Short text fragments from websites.
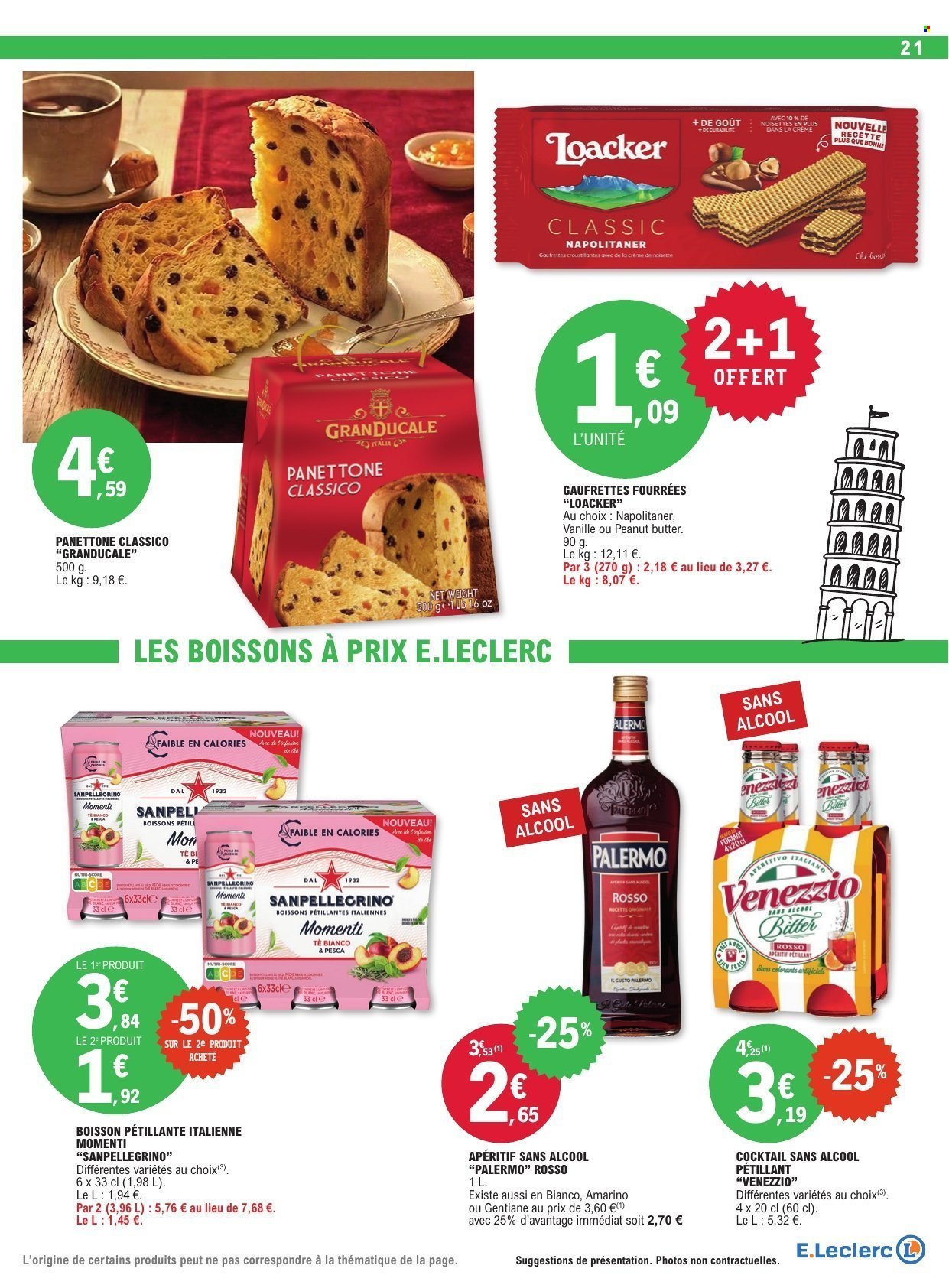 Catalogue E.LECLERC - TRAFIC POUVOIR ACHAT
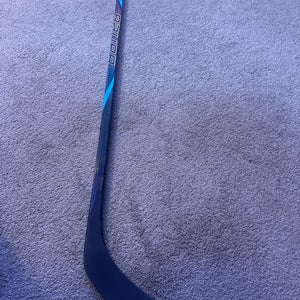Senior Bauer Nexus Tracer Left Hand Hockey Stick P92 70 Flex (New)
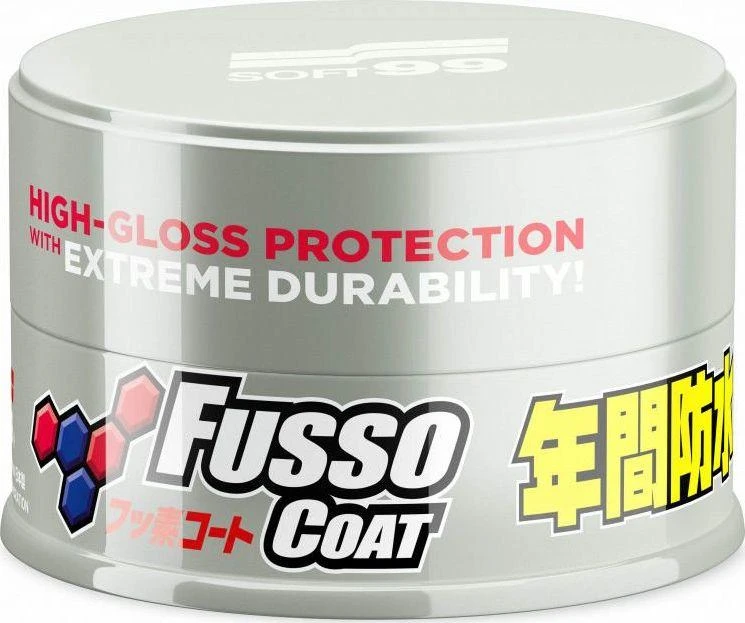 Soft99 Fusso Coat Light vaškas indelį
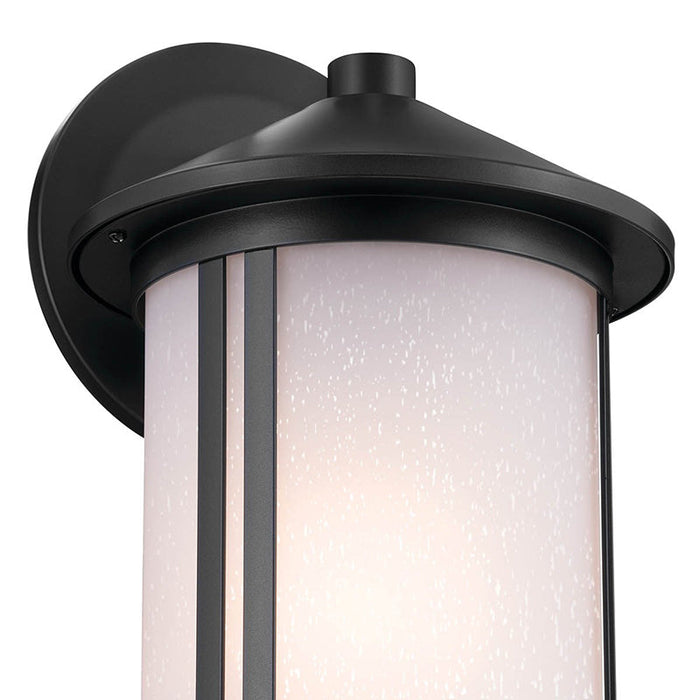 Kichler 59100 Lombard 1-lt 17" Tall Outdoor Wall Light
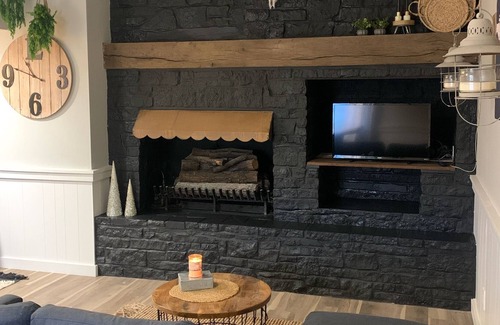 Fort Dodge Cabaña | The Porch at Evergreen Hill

Exercise goal. Once you find the line that contains "Soft99 Fusso Coat Light vaškas indelį", reproduce it and every line after it through the end of the entries above, exactly as written, with no pictures.

Solution.
 Soft99 Fusso Coat Light vaškas indelį
 Kichler 59100 Lombard 1-lt 17" Tall Outdoor Wall Light
 Fort Dodge Cabaña | The Porch at Evergreen Hill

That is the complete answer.